Tout au loin apparaissaient l’îlot de Toubouaimanou et l’île de Moorea ; sur leurs pics bleuâtres, planaient de petits nuages colorés de teintes invraisemblables, qui étaient comme suspendus dans l’immensité sans bornes.
De si haut, nous observions, comme n’appartenant plus à la terre, tous ces aspects grandioses de la nature océanienne. – C’était si admirablement beau que nous restions tous deux en extase et sans rien nous dire, assis l’un près de l’autre sur les pierres.
– Loti, demanda Rarahu après un long silence, quelles sont tes pensées ? (E loti, e aho ta oé manao iti ?)
– Beaucoup de choses, répondis-je, que toi tu ne peux pas comprendre.
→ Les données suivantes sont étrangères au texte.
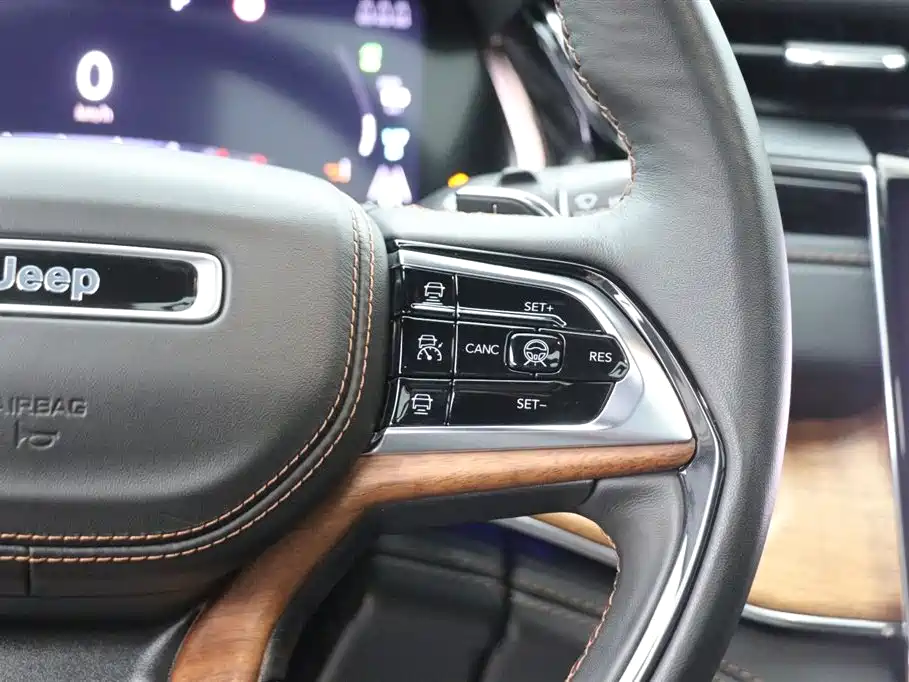 JEEP GRAND CHEROKEE 4XE (IMPORTED)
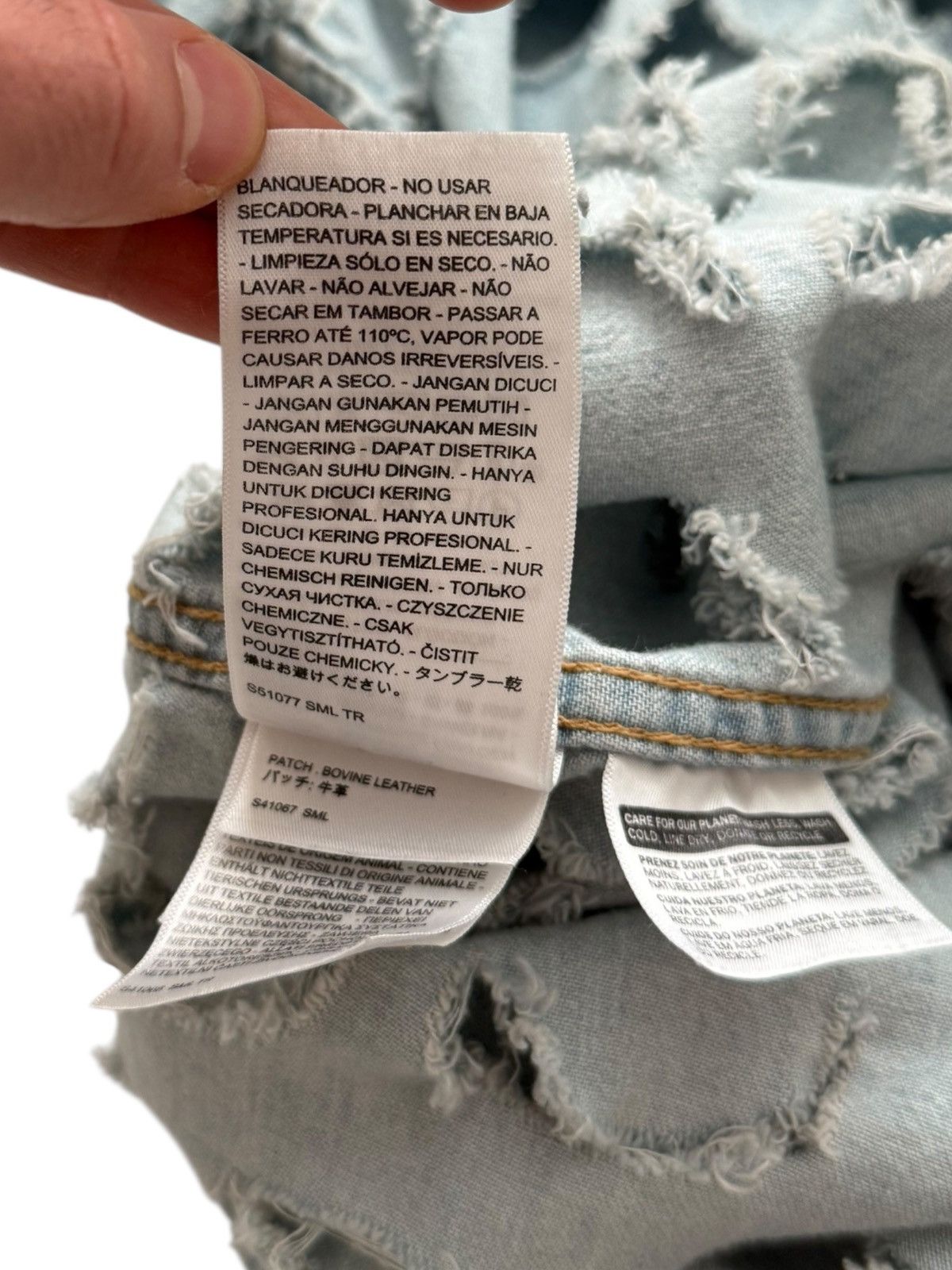 Vetements X Levi’s Shred Thrashed Cutout Denim Shirt Size US M / EU 48-50 / 2 - 16 Thumbnail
Je pense, ô ma petite amie, que sur ces mers lointaines sont disséminés des archipels perdus ; que ces archipels sont habités par une race mystérieuse bientôt destinée à disparaître ; que tu es une enfant de cette race primitive ; – que tout en haut d’une de ces îles, loin des créatures humaines, dans une complète solitude, moi, enfant du vieux monde, né sur l’autre face de la terre, je suis là auprès de toi, et que je t’aime.
« Vois-tu, Rarahu, à une époque bien reculée, avant que les premiers hommes fussent nés, la main terrible d’Atua fit jaillir de la mer ces montagnes ; l’île de Tahiti, aussi brûlante que du fer rougi au feu, s’éleva comme une tempête, au milieu des flammes et de la fumée.
« Les premières pluies qui vinrent rafraîchir la terre après ces épouvantes, tracèrent ce chemin que le ruisseau de Fataoua suit encore aujourd’hui dans les bois. – Tous ces grands aspects que tu vois sont éternels ; ils seront les mêmes encore dans des centaines de siècles, quand la race des Maoris aura depuis longtemps disparu, et ne sera plus qu’un souvenir lointain conservé dans les livres du passé.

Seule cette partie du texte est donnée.